Nevada’daki hastane odasında uyandığımda günü hatırlıyorum… Hareket edemiyordum. Konuşamıyordum. Kendi vücudumun içinde kapana kısılmıştım. Boğazım deli gibi acıyordu. Aşağı baktığımda ağzımdan çıkan tüpleri gördüm.
Panikledim.
Onları çıkarmaya çalışmaya başladım, ama başaramadım çünkü ellerim çok zayıftı. Hemşireler beni durdurmak için koşarak odaya geldiler. Size de mutlaka olmuştur. Kötü bir rüya görürsünüz. Bir canavar peşinizden koşuyordur, siz de ondan kaçamazsınız ya? Bacaklarınız çalışmaz, canavar arkanıza kadar gelir, sanki yavaş çekimdeymişsiniz gibi hissedersiniz. Aynı bunun gibi hissediyordum.

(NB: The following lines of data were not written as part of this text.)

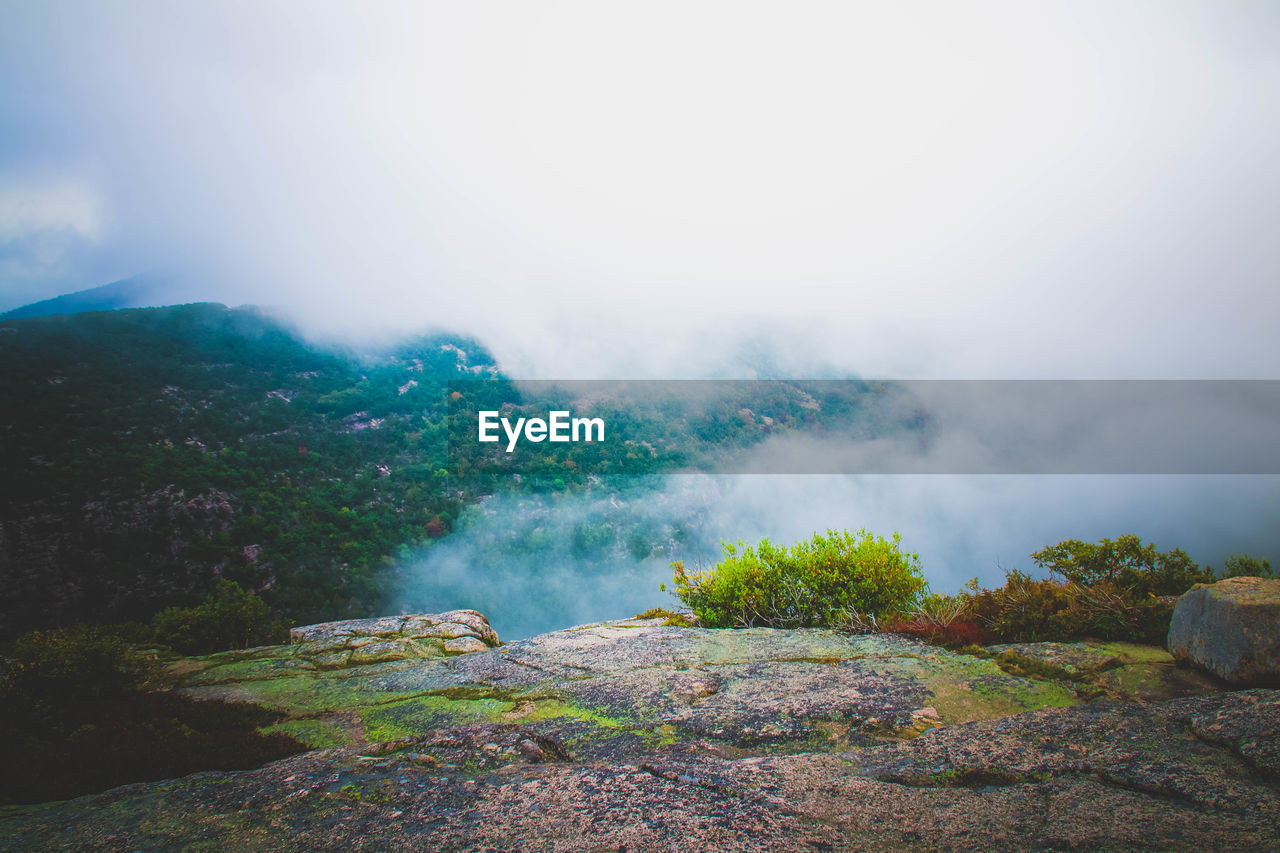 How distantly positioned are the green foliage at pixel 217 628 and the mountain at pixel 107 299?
6949 centimetres

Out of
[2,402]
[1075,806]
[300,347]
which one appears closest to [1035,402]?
[1075,806]

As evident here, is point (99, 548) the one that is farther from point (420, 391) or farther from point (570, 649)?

Yatakta yatmış, tavana bakıyor haldeydim. Doktorlar gelip başımda dikiliyor, bana bir şeyler söyleyip gidiyorlardı. Sonra bir daha geliyor, bir daha gidiyorlardı. Gidiyor, geliyorlardı. Bir daha. Bir daha. Belki de ben uykuya dalıp uyanıyordum, tam olarak bilmiyorum.
Eski karım odada benimleydi. Yediğim b..larında ardından onu gördüğüm için şaşırmıştım. Dürüst olmak gerekirse tam olarak o anda kötü bir halde olduğumu fark etmiştim.
Sonra bir ara yetkili doktor gelip neler olduğunu anlattı. “Bay Odom, dört gündür komadaydınız. Beni anlıyor musunuz?”
Konuşamıyordum. O yüzden kafa salladım.
“Burada olman bir mucize. Yaşayacağını düşünmüyorduk” diyordu.
Tamamen şoktaydım. Bir şeyler söyleyemiyor, soru soramıyordum. Hayatımda ilk kez kendimi yardıma muhtaç hissediyordum. Sanki çok küçük bir bebekmişim gibiydi. Her şey.. Her şey gerçekti.
Hayatımın o döneminde her gün kokain kullanıyordum. Boş olduğum her saniye, kokain çekiyordum. Kontrolüm altında olan bir şey değildi.
Kontrol etmek istemedim de.
O yatakta otururken yaşamım boyunca ilk kez durumu anlatamadığımı hissettim. Kendi düşüncelerim içinde boğuluyordum. O anda büyükannemin küçükken bana söylediği bir şeyi aklıma getirip durdum.
Sanki odanın içinde bana bakıyormuş gibiydi, adeta yüzünü görebiliyordum.
“Karanlıkta yapılanlar” derdi, “Aydınlıkta ortaya çıkar.”
Yaptığım ve kaçmaya çalıştığım o gizli şeyleri hatırladım. Yanlış yaptığım her şeyi. Saklanmaya, gizlemeye çalıştıklarımı. Kimse görmese, Tanrı görüyordu.
O yatakta, makinelere bağlı şekilde, etrafımda insanlar benim için ağlıyorken bir şey fark ettim. Artık kaçış yoktu. Bu durum Tanrı’nın bana “Her ne s..im yapıyorsan, yavaşlaman gerek, yoksa bundan daha kötü hallere de düşeceksin” deme şekliydi.
Sadece bir şey bundan daha kötü olabilirdi.